Cela ne vous a pas échappé qu’il y a un gros trip retromania qui court depuis des années à propos des années 80. Parfois même par des artistes qui ne les ont jamais connus. Des artistes comme Gary Numan, par exemple, ne veulent pas entendre parler du passé : il a remis ses vieux synthés analogiques au placard. Et pour vous ?

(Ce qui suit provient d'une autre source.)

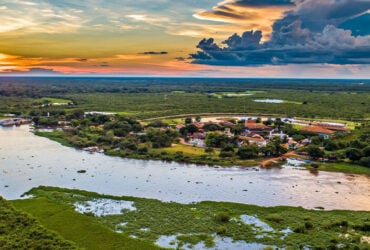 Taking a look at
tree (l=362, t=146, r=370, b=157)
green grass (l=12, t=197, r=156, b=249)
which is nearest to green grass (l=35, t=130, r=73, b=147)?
green grass (l=12, t=197, r=156, b=249)

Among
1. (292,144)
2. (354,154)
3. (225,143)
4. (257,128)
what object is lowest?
(225,143)

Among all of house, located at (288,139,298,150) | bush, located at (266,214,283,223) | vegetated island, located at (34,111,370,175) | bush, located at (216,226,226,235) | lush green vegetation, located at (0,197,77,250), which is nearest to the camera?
lush green vegetation, located at (0,197,77,250)

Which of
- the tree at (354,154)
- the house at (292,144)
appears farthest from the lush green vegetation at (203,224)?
the house at (292,144)

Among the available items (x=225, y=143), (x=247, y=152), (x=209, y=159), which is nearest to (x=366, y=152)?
(x=247, y=152)

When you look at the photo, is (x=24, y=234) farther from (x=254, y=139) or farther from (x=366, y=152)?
(x=254, y=139)

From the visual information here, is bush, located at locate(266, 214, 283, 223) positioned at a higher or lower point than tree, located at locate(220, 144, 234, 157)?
lower

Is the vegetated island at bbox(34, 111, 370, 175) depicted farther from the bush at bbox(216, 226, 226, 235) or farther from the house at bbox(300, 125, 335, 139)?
the bush at bbox(216, 226, 226, 235)

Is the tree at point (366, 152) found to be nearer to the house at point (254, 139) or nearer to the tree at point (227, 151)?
the house at point (254, 139)

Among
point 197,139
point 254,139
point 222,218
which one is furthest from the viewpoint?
point 197,139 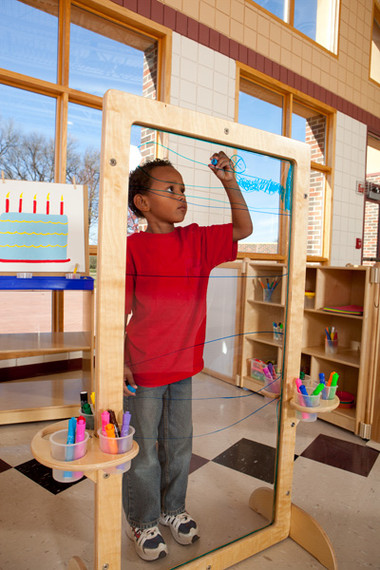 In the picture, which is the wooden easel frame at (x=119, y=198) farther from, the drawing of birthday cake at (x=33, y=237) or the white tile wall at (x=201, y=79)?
the white tile wall at (x=201, y=79)

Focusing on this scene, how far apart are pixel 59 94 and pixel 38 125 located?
0.85 ft

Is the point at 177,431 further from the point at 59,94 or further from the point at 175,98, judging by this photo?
the point at 175,98

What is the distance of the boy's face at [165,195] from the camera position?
961 millimetres

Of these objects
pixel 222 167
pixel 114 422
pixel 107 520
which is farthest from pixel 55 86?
pixel 107 520

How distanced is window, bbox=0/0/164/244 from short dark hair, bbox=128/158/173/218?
171cm

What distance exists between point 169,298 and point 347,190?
4.45m

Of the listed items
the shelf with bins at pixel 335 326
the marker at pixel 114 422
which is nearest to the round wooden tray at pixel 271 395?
the marker at pixel 114 422

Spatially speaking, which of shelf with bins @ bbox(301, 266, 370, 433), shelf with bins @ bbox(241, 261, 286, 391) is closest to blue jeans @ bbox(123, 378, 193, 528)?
shelf with bins @ bbox(241, 261, 286, 391)

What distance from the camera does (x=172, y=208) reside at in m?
0.98

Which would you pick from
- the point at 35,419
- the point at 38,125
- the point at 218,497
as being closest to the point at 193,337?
the point at 218,497

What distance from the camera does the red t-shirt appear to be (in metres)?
0.97

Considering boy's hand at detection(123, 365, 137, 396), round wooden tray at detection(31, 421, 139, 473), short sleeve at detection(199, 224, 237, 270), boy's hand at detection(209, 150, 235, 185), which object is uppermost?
boy's hand at detection(209, 150, 235, 185)

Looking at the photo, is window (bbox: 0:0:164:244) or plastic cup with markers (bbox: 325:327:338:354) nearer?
plastic cup with markers (bbox: 325:327:338:354)

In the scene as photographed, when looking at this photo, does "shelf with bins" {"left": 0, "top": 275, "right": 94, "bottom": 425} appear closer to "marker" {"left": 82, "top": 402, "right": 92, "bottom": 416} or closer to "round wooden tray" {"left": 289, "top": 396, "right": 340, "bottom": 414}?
"marker" {"left": 82, "top": 402, "right": 92, "bottom": 416} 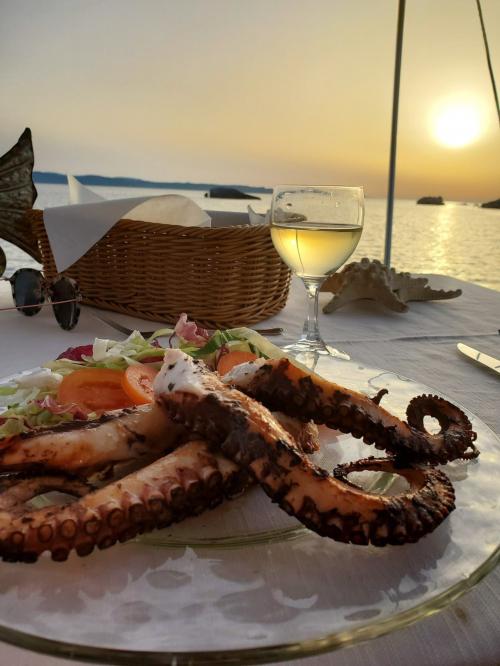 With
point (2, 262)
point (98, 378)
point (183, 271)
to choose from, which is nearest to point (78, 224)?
point (183, 271)

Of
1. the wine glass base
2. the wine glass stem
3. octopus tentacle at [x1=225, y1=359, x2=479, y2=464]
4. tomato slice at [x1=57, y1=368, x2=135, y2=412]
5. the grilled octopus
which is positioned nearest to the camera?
the grilled octopus

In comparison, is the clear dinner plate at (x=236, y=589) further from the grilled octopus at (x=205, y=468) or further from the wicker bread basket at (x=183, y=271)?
the wicker bread basket at (x=183, y=271)

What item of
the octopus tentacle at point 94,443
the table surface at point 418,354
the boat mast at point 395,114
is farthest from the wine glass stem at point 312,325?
the boat mast at point 395,114

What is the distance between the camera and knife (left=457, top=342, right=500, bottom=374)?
1.49 metres

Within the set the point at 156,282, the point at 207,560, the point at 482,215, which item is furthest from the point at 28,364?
the point at 482,215

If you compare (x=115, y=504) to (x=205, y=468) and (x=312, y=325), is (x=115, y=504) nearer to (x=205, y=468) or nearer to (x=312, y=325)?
(x=205, y=468)

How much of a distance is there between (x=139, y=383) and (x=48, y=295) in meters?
0.89

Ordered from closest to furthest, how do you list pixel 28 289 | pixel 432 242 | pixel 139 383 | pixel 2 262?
1. pixel 139 383
2. pixel 28 289
3. pixel 2 262
4. pixel 432 242

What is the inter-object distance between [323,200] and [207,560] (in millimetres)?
1273

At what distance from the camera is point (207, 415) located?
669mm

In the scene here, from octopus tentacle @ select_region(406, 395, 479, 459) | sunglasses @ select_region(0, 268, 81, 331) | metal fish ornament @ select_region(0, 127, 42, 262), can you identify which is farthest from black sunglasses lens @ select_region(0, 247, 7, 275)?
octopus tentacle @ select_region(406, 395, 479, 459)

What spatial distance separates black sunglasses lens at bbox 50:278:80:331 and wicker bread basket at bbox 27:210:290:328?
0.18 metres

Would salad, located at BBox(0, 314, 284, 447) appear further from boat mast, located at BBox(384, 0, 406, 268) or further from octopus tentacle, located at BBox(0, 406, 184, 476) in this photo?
boat mast, located at BBox(384, 0, 406, 268)

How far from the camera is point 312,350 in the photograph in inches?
59.6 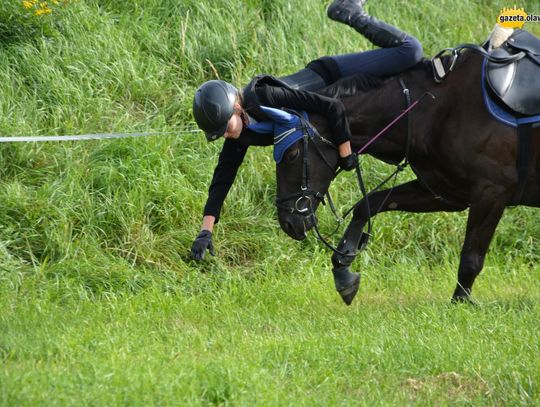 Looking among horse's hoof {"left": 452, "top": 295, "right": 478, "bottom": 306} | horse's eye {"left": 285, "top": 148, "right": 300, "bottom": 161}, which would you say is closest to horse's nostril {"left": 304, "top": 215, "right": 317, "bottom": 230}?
horse's eye {"left": 285, "top": 148, "right": 300, "bottom": 161}

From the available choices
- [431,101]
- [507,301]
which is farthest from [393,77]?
[507,301]

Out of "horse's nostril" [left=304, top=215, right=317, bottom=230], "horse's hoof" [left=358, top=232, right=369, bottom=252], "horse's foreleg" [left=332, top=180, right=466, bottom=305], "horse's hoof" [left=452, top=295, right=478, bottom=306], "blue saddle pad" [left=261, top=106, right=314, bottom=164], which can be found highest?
"blue saddle pad" [left=261, top=106, right=314, bottom=164]

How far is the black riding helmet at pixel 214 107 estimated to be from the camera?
258 inches

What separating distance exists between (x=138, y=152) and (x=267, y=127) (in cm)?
233

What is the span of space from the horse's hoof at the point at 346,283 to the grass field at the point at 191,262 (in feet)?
0.48

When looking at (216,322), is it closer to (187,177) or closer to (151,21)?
(187,177)

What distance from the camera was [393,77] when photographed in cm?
726

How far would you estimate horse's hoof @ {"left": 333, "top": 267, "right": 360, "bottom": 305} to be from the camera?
738 centimetres

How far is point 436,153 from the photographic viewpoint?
7.15 m

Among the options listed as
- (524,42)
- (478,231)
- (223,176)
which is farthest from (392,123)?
(223,176)

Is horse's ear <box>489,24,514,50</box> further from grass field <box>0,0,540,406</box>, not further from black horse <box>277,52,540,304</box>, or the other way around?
grass field <box>0,0,540,406</box>

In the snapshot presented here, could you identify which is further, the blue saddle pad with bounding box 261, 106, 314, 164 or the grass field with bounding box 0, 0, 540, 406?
the blue saddle pad with bounding box 261, 106, 314, 164

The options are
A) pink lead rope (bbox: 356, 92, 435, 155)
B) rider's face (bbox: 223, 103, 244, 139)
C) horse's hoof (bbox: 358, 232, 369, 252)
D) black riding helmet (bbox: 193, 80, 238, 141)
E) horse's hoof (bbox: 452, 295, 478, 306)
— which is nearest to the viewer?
black riding helmet (bbox: 193, 80, 238, 141)

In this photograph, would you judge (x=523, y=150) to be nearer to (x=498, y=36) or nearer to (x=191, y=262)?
(x=498, y=36) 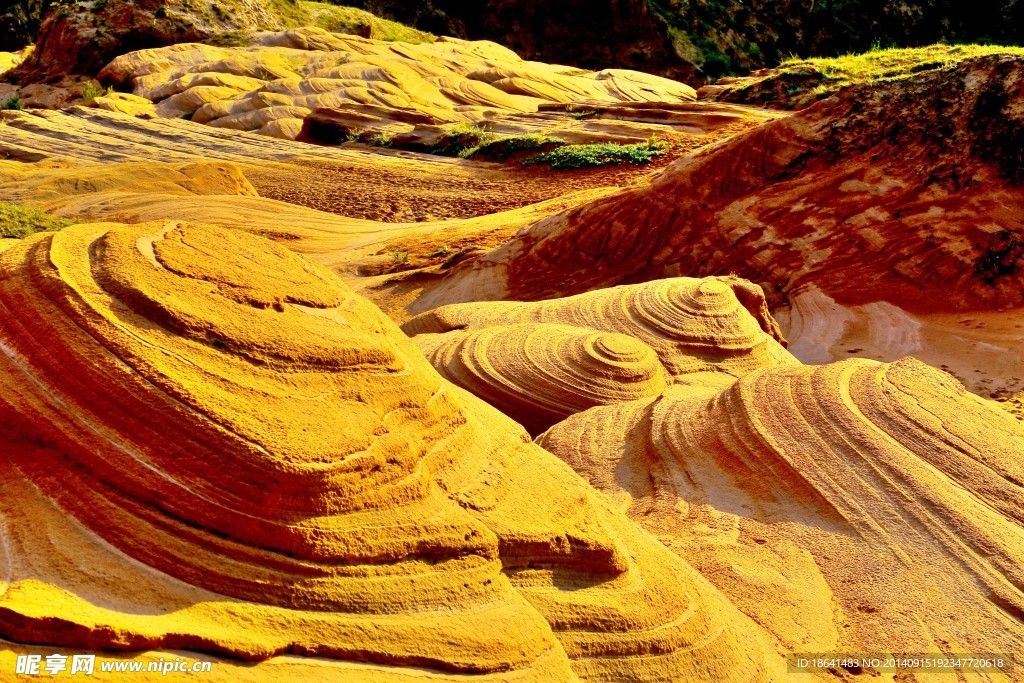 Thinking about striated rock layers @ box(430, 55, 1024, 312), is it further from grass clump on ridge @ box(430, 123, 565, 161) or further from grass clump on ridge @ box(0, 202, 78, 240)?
grass clump on ridge @ box(430, 123, 565, 161)

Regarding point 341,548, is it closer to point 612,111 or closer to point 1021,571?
point 1021,571

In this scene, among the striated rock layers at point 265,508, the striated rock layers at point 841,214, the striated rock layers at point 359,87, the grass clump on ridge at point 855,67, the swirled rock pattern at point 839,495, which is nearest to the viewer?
the striated rock layers at point 265,508

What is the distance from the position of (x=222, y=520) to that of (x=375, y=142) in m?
16.7

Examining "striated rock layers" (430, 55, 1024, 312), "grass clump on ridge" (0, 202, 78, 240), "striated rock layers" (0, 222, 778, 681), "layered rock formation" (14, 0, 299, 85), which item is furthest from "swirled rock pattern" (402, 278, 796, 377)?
"layered rock formation" (14, 0, 299, 85)

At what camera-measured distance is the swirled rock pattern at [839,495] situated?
3.03 m

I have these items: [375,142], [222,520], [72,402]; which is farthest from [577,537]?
[375,142]

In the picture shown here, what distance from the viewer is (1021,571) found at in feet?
10.2

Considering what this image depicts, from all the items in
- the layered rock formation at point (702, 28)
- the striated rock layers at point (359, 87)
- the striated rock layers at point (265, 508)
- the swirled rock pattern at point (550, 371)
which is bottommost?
the swirled rock pattern at point (550, 371)

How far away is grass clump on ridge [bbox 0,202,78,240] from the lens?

Hervé : Au niveau instruments, par exemple, j’utilise de moins en moins les vieilles machines. Par contre je fais ce qui me plait, pas seulement de la musique électronique. Et puis, il y a des artistes qui vont faire de l’électronique bien mieux que moi. Il y a beaucoup d’évolution au niveau du matériel en l’espace de cinq ou six ans. C’est curieux car j’ai aussi ressorti des vieilles machines tout en pensant que j’en avais des bons souvenirs: et puis je me rends compte qu’en version plug (logiciel d’instrument virtuel. Nda), elles sonnent meilleur. Dans cet album il y a très peu de clavier, c’est surtout des guitares jouées avec du Ebow (instrument qui fait vibrer les cordes comme sur Heroes de Bowie. Nda) qui est passé à travers des effets. Autant à une époque j’achetais des machines analogiques, mais maintenant je n’en éprouve pas l’envie ni le besoin. J’ai besoin de quelque chose de plus humain.

Philippe : Ce nouveau disque ce n’est pas juste un Best Of comme un prétexte à une nouvelle tournée. On n’est pas là pour rejouer les années 80. On n’est pas un groupe nostalgique, revenir en arrière c’est chiant. On ne fantasme pas cette époque des 80’s : si tout était vraiment super à l’époque, on n’aurait pas pris Trisomie 21 comme nom de groupe. Il y avait un malaise dans cette décennie.

Cela vous fait quelle impression de voir tous ces jeunes artistes ou moins jeunes, qui se rachètent de l’analogique, du vintage pour sonner comme entre 1979 et 1982 ?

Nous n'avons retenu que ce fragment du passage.